Image Captioning with LSTM

This is a partial implementation of "Show and Tell: A Neural Image Caption Generator" (http://arxiv.org/abs/1411.4555), borrowing heavily from Andrej Karpathy's NeuralTalk (https://github.com/karpathy/neuraltalk)

This example consists of three parts:

COCO Preprocessing - prepare the dataset by precomputing image representations using GoogLeNet
RNN Training - train a network to predict image captions
Caption Generation - use the trained network to caption new images

Output

This notebook prepares the dataset by extracting a vector representation of each image using the GoogLeNet CNN pretrained on ImageNet. A link to download the final result is given in the next notebook.

Prerequisites

To run this notebook, you'll need to download the MSCOCO training and validation datasets, and unzip them into './coco/'.

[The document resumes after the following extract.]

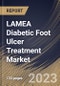 LAMEA Diabetic Foot Ulcer Treatment Market Size, Share & Industry Trends Analysis Report By Product, Biologics, and Others), By Type, By End User (Homecare Settings, Hospitals, and Others), By Country and Growth Forecast, 2023 - 2030 - Product Image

The captions should be downloaded as well and unzipped into './captions/'



In [1]:

    
import sklearn
import numpy as np
import lasagne
import skimage.transform

from lasagne.utils import floatX

import theano
import theano.tensor as T

import matplotlib.pyplot as plt
%matplotlib inline

import json
import pickle









    



Using gpu device 0: GeForce GTX 770 (CNMeM is disabled)

Functions for building the GoogLeNet model with Lasagne are defined in googlenet.py:



In [2]:

    
import googlenet

We need to download parameter values for the pretrained network



In [3]:

    
!wget https://s3.amazonaws.com/lasagne/recipes/pretrained/imagenet/blvc_googlenet.pkl









    



--2015-08-28 16:43:21--  https://s3.amazonaws.com/lasagne/recipes/pretrained/imagenet/blvc_googlenet.pkl
Resolving s3.amazonaws.com (s3.amazonaws.com)... 54.231.32.248
Connecting to s3.amazonaws.com (s3.amazonaws.com)|54.231.32.248|:443... connected.
HTTP request sent, awaiting response... 200 OK
Length: 28029725 (27M) [binary/octet-stream]
Saving to: ‘blvc_googlenet.pkl’

100%[======================================>] 28,029,725  10.2MB/s   in 2.6s   

2015-08-28 16:43:24 (10.2 MB/s) - ‘blvc_googlenet.pkl’ saved [28029725/28029725]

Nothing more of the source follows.